The Cost of Misunderstanding
Although predominantly focused on racial tensions, the 2004 film “Crash” crushed me with the chaos misunderstandings, lack of communication, and mistaken assumptions cause.
In the film, one character misinterprets another character’s mindset—a mindset stemming from challenges ongoing in another part of his life or incidents immediately preceding their encounter—and disaster ensues. “Crash” drove home for me how our blindness to other people’s realities prevents us from understanding and appreciating their perspectives.
In a previous post about whether empathy distinguishes the human animal, I mentioned biologists’ findings that empathy, while innate, requires ongoing practice to refine.

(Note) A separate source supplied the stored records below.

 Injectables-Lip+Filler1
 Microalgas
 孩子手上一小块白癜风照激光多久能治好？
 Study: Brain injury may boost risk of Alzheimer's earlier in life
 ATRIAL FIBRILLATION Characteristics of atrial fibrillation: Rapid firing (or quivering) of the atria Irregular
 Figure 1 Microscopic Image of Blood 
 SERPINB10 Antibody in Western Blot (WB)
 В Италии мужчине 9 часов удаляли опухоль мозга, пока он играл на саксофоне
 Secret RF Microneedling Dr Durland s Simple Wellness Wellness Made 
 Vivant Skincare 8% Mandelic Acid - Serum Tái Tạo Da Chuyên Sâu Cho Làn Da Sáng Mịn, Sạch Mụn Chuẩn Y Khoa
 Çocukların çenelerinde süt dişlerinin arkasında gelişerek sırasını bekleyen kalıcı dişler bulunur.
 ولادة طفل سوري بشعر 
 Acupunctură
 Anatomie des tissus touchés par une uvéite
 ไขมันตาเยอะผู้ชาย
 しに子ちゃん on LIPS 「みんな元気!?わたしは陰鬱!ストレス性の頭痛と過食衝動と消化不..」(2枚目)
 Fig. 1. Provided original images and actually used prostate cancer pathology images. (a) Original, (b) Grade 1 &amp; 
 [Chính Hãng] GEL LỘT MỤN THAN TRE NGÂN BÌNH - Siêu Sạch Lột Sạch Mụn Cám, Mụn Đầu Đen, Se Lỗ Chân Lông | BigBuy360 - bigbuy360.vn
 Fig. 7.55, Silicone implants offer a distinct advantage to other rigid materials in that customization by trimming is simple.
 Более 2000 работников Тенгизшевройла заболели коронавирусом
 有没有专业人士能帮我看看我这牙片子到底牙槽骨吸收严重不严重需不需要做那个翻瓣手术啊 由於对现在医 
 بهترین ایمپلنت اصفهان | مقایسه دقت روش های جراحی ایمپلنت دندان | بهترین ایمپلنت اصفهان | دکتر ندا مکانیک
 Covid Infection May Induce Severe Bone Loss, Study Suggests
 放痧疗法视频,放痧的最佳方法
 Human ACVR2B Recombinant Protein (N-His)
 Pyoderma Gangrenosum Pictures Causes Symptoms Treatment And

We cannot have empathy without understanding. “Crash” shows the impossibility of empathy when people use personal points of view to make assumptions about or judge others rather than making the effort to understand another person’s circumstances as the framework for his actions and beliefs.
Without understanding, we cause chaos—if not destruction.
Our differences make this a magical world. I don’t want homogeneity—and neither should you. Through successful interaction between cultures, socioeconomic backgrounds, races, religions, political stances, and personality types, we can all grow. This world can thrive.
Another approach to a situation may prove better than yours. And if not, it may not be a worse approach, either. At the very least, making an attempt to understand someone else through respectful inquiry or through self-education will open new horizons for you—and help solve problems, rather than exacerbate them and engender new issues.
Try to understand. Give another person the benefit of the doubt. Stay open.
For you, what recent crisis could communication and empathy have averted?